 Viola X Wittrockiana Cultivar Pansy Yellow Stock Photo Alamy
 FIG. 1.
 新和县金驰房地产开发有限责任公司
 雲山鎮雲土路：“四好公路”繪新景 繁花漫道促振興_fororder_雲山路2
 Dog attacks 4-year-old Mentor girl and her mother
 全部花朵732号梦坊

============

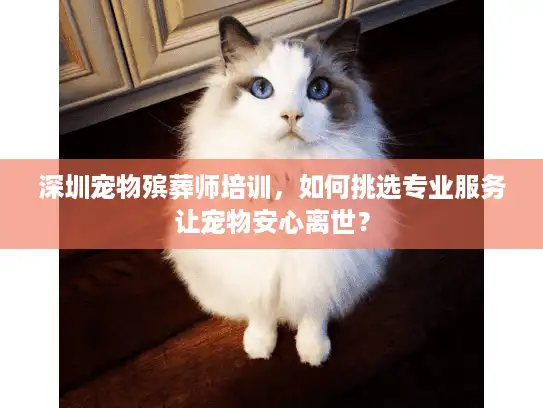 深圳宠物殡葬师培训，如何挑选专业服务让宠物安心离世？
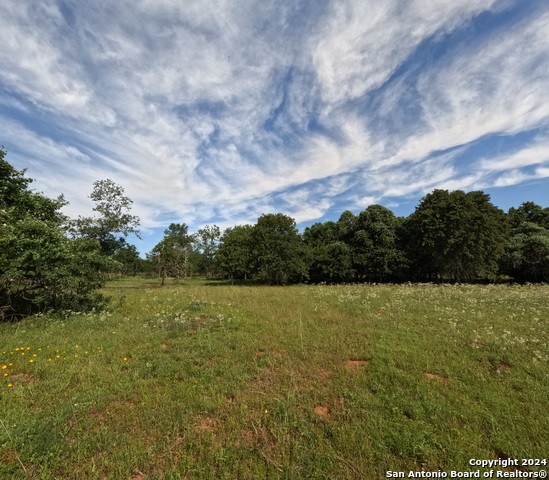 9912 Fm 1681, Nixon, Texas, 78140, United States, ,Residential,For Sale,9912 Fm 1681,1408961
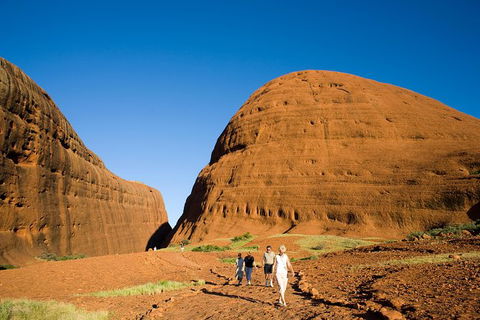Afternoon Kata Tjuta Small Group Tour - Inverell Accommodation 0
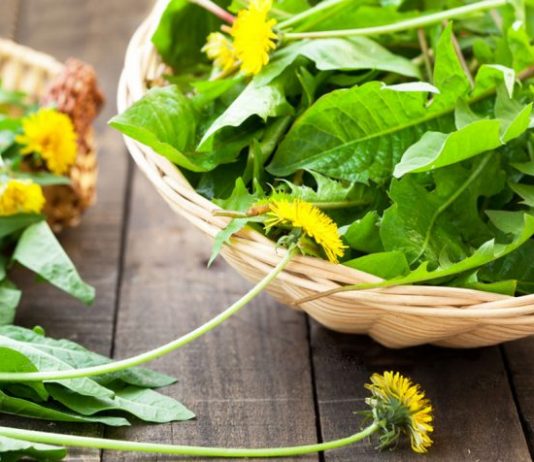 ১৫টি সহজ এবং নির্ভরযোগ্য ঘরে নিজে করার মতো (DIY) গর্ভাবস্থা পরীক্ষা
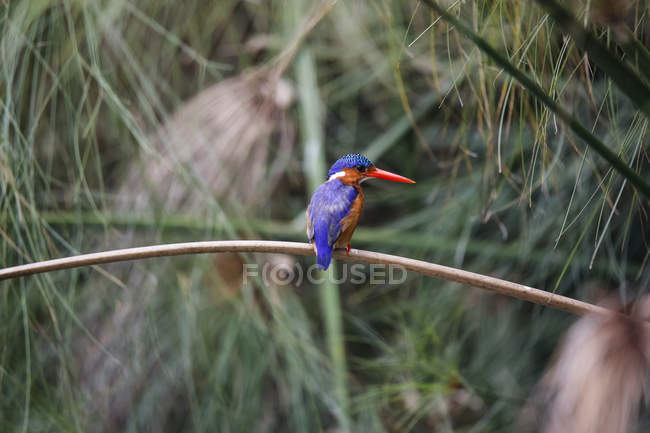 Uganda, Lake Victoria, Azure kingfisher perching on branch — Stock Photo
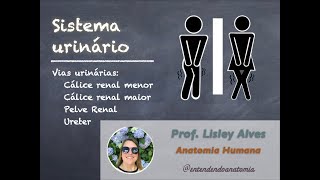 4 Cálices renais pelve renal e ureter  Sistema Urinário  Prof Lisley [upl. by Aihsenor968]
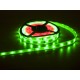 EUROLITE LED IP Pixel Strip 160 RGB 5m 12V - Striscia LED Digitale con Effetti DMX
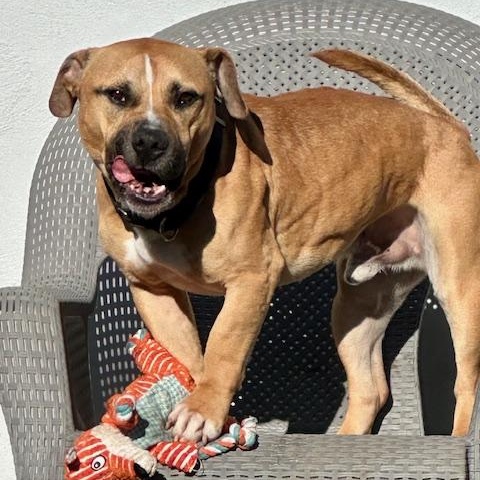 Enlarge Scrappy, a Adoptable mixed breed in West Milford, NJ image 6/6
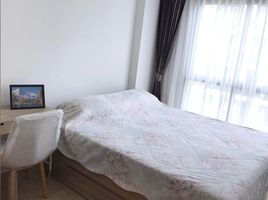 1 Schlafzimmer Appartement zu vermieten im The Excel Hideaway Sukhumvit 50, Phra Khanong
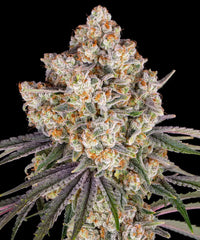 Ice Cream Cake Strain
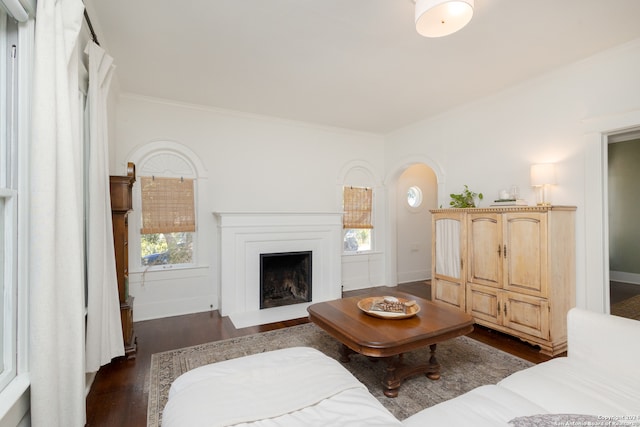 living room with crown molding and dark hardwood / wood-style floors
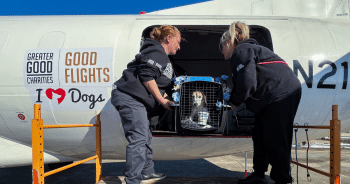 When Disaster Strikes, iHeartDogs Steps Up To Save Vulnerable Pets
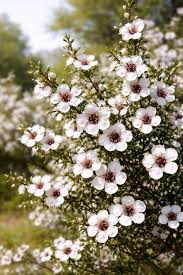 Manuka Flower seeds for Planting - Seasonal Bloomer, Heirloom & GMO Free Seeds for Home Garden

============

WHAT YOU HAVE TO DO » Here the job is to copy the stretch of records from the line containing "Uganda, Lake Victoria, Azure" through the line containing "Manuka Flower seeds", word for word. Leave every picture out.

ANSWER SPACE »
 Uganda, Lake Victoria, Azure kingfisher perching on branch — Stock Photo
 4 Cálices renais pelve renal e ureter  Sistema Urinário  Prof Lisley [upl. by Aihsenor968]
 EUROLITE LED IP Pixel Strip 160 RGB 5m 12V - Striscia LED Digitale con Effetti DMX
 Enlarge Scrappy, a Adoptable mixed breed in West Milford, NJ image 6/6
 1 Schlafzimmer Appartement zu vermieten im The Excel Hideaway Sukhumvit 50, Phra Khanong
 Ice Cream Cake Strain
 living room with crown molding and dark hardwood / wood-style floors
 When Disaster Strikes, iHeartDogs Steps Up To Save Vulnerable Pets
 Manuka Flower seeds for Planting - Seasonal Bloomer, Heirloom & GMO Free Seeds for Home Garden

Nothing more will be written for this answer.